Change -P and -p options to filter by tgid, and add a new option to give
a breakdown by pid (thread-id).
Update the docs with the -L option.
diff --git a/tools/runqlat.py b/tools/runqlat.py
index a1e73aa..bae0138 100755
--- a/tools/runqlat.py
+++ b/tools/runqlat.py
@@ -4,7 +4,7 @@
# runqlat Run queue (scheduler) latency as a histogram.
# For Linux, uses BCC, eBPF.
#
-# USAGE: runqlat [-h] [-T] [-m] [-P] [-p PID] [interval] [count]
+# USAGE: runqlat [-h] [-T] [-m] [-P] [-L] [-p PID] [interval] [count]
#
# This measures the time a task spends waiting on a run queue for a turn
# on-CPU, and shows this time as a histogram. This time should be small, but a
@@ -46,6 +46,8 @@
help="millisecond histogram")
parser.add_argument("-P", "--pids", action="store_true",
help="print a histogram per process ID")
+parser.add_argument("-L", "--tids", action="store_true",
+ help="print a histogram per thread ID")

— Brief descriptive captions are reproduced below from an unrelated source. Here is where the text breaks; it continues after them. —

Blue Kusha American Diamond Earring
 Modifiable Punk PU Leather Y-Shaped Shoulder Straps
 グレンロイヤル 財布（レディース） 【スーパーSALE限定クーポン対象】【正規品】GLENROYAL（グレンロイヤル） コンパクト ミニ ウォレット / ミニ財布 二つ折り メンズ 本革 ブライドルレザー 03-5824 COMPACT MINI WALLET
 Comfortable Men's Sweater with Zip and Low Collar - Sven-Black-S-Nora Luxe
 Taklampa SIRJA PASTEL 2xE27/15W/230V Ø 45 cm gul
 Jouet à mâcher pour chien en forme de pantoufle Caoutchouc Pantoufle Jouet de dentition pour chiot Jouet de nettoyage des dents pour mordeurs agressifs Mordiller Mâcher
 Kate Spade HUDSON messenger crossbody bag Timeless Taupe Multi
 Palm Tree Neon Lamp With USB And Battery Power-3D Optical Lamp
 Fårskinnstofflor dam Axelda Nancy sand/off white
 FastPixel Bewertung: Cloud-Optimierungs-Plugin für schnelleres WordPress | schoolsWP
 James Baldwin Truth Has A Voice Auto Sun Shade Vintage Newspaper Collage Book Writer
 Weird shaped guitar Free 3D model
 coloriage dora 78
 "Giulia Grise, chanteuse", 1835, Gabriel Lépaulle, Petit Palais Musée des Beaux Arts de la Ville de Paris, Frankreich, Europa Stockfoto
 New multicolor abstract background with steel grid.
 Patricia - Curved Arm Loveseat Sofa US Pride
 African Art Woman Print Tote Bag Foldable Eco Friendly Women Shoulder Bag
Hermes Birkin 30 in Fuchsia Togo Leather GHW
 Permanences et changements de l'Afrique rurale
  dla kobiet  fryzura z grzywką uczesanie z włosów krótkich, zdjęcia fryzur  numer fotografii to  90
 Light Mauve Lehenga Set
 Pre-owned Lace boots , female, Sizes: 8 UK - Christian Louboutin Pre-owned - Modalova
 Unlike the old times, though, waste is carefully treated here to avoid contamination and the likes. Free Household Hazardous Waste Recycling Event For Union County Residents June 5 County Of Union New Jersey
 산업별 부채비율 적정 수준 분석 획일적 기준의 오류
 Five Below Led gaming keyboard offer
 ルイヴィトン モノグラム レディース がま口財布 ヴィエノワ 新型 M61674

parser.add_argument("-p", "--pid",
help="trace this PID only")
parser.add_argument("interval", nargs="?", default=99999999,
@@ -62,7 +64,7 @@
#include <linux/sched.h>
typedef struct pid_key {
- u64 pid; // work around
+ u64 id; // work around
u64 slot;
} pid_key_t;
BPF_HASH(start, u32);
@@ -74,6 +76,7 @@
int trace_enqueue(struct pt_regs *ctx, struct rq *rq, struct task_struct *p,
int flags)
{
+ u32 tgid = p->tgid;
u32 pid = p->pid;
if (FILTER)
return 0;
@@ -85,10 +88,11 @@
// calculate latency
int trace_run(struct pt_regs *ctx, struct task_struct *prev)
{
- u32 pid;
+ u32 pid, tgid;
// ivcsw: treat like an enqueue event and store timestamp
if (prev->state == TASK_RUNNING) {
+ tgid = prev->tgid;
pid = prev->pid;
if (!(FILTER)) {
u64 ts = bpf_ktime_get_ns();
@@ -96,6 +100,7 @@
}
}
+ tgid = bpf_get_current_pid_tgid() >> 32;
pid = bpf_get_current_pid_tgid();
if (FILTER)
return 0;
@@ -119,7 +124,8 @@
# code substitutions
if args.pid:
- bpf_text = bpf_text.replace('FILTER', 'pid != %s' % args.pid)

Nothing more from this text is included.